The challenge: Turn a small, dated, dilapidated bathroom into a restful master bath, while blending with the decor of an early 1900s Prairie-style home.
An inconvenient truth: Homeowners Kristine and David Matenaer had previously lived in a newer home in the suburbs and were accustomed to a big master bathroom.
But in their current St. Paul house, the cramped bathroom had little storage and a no-frills combination tub and shower. It also was down a hallway from their bedroom.
"The goal was to have a more pleasing, comfortable place that we wanted to spend time in -- but fit the style of the older house," said Kristine.
Design for living: Hains removed two walls and a hall closet in order to add space to the existing narrow bathroom. The remodeled bathroom features two doorways, connecting it to the bedroom and a sitting room -- creating a seamless private suite.
Period style: "We used materials that you would find in a house back then," said Hains. The cabinets have exposed hinges, the floor is an old-fashioned basket-weave tile, and the shower walls are covered in subway tile. Hains also designed updated accents, such as a brown-toned border to break up the white subway tile in the shower. "Use different size tiles to create a look that has lots of interest and is timeless," she said.
Cues from the home: In the remodeled bathroom, Hains repeated architectural details that existed in other parts of the home, including crown molding and light-painted woodwork.

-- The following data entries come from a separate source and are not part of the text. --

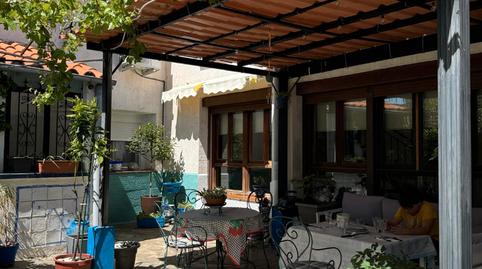 Photo 3 of House or chalet for sale in Calle del Paraíso, Pozuelo del Rey, Madrid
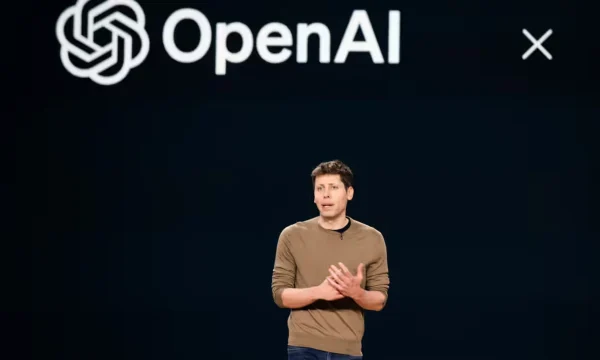 OpenAI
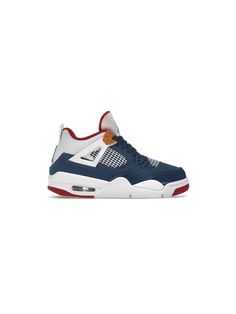 Jordan 4 Retro Messy Room (Gs)Jordan 4 Retro Messy Room (Gs) Multicolor         Women Shoes, size features are:Bust: ,Length: ,Sleeve Length: Messy Room, Jordan 4 Retro, Sports Women, All Fashion, Womens Sneakers, Length Sleeve, Jordan, Sport Shoes, Style Inspiration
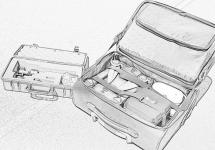 无人机登记实施后你飞了吗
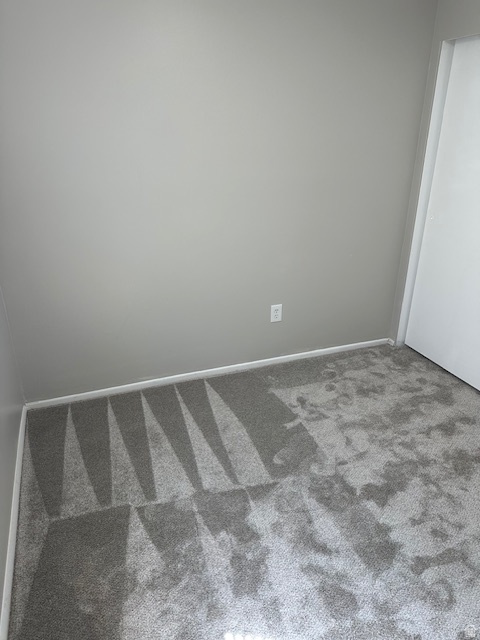 WILLOW WEST CONDO - Residential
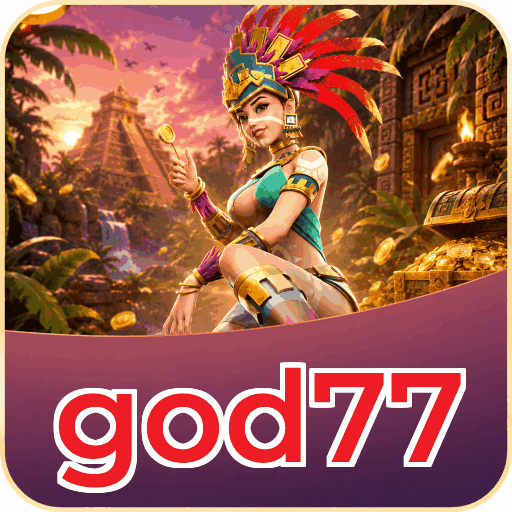 god77 Indonesia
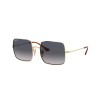Ray-Ban Square RB 1971 (914778)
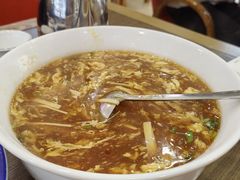 -鲁西南老厨子·特色鲁菜(经一纬五店)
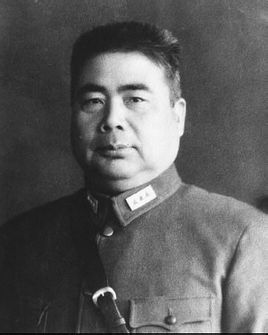 34fae6cd7b899e5133a0a80e40a7d933c8950df9 (1).jpg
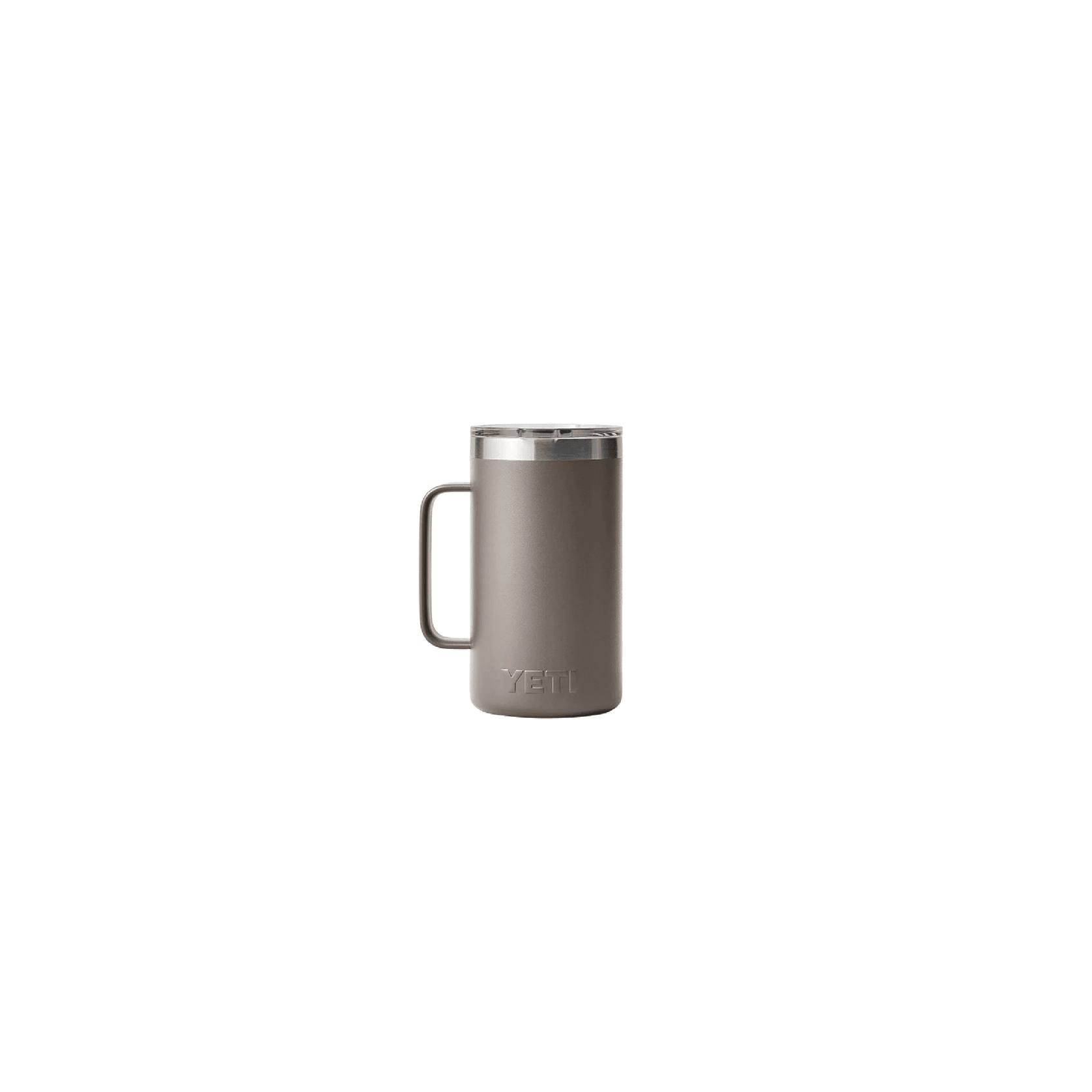 YETI Rambler 24 oz Mug gallery detail image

She modeled the furniture-style custom vanity after the home's built-in buffet in the dining room. "It's important that the space is an extension of the one you just walked through," she said.
Nice shower nixes tub. "The clients couldn't have a tub and a large shower within the small space," said Hains. "So they chose an oversized shower with two shower heads." It's also outfitted with his-and-her shelves to hold bath products. After a shower, the homeowners step onto a heated floor.

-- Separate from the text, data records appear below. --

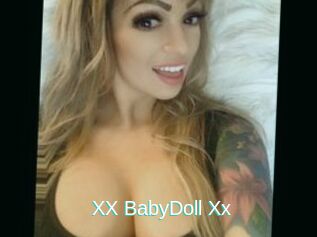 XX_BabyDoll_Xx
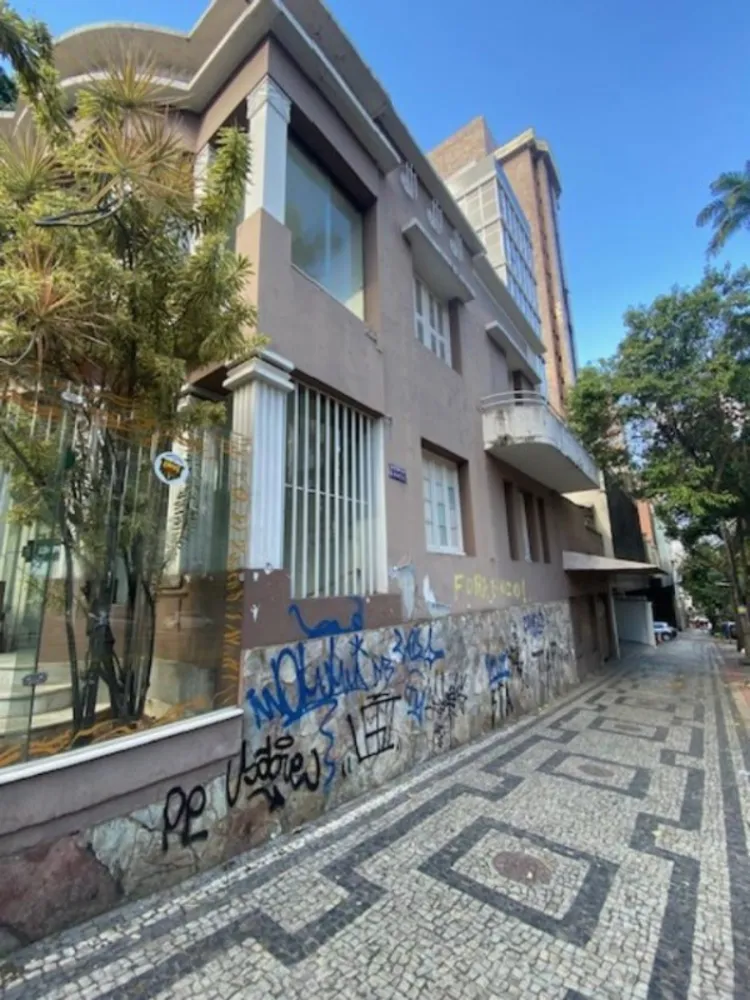 Casa, 4 quartos, 270 m² - Foto 7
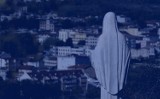 W Meduzie polski dokument religijny i koreański thriller szpiegowski 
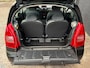 Citroën C2 1.1i Attraction ELEK RAMEN | AIRCO | 95119 KM | NWE APK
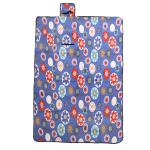 Custom Sleeping Outside Petit Camping Waterproof Picnic Mat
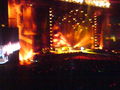 AC/DC Konzert Wien 60000799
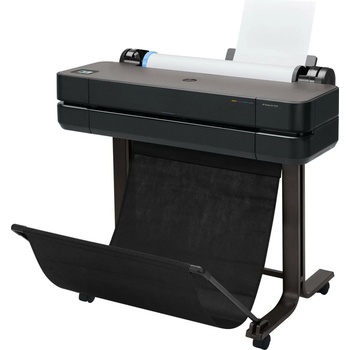 HP DesignJet T630 24"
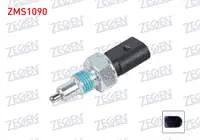 GERI VITES MUSURU VOLKSWAGEN PASSAT 1998-2005/ SKODA SUPERB I 2001-2008/ AUDI A4 2004-2008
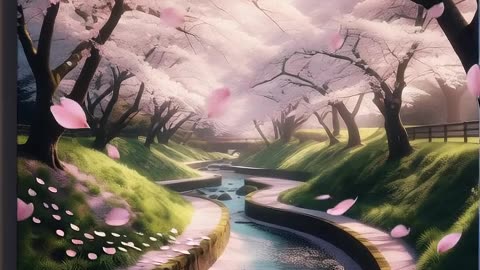 Epic Winter Digital Art Bundle Deal – All Styles for $6.69! ❄️🎨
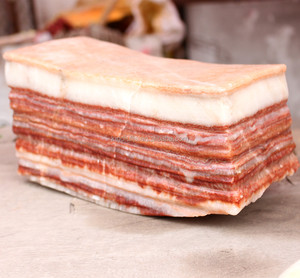 Naturale <span class=keywords><strong>della</strong></span> roccia carne pietre dal Jurassic <span class=keywords><strong>età</strong></span> - Product Image 2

Elegant vanity. The built-in single-sink vanity offers ample upper and lower storage cabinets with hidden outlets to keep grooming tools out of sight. (The couple decided storage space was a higher priority than a second sink.)
Calming color: Hains used creams, tans and browns, following the "nature-inspired" color scheme of the rest of the home's decor. The fixtures are finished in an oil-rubbed bronze.
Automated ambiance: Kristine and David control music, heat and a variety of light sources from a wall-mounted touch pad.
The result: "We like having a modern bathroom in our old home," said Kristine. "Now we have to figure out where to put in a big walk-in closet."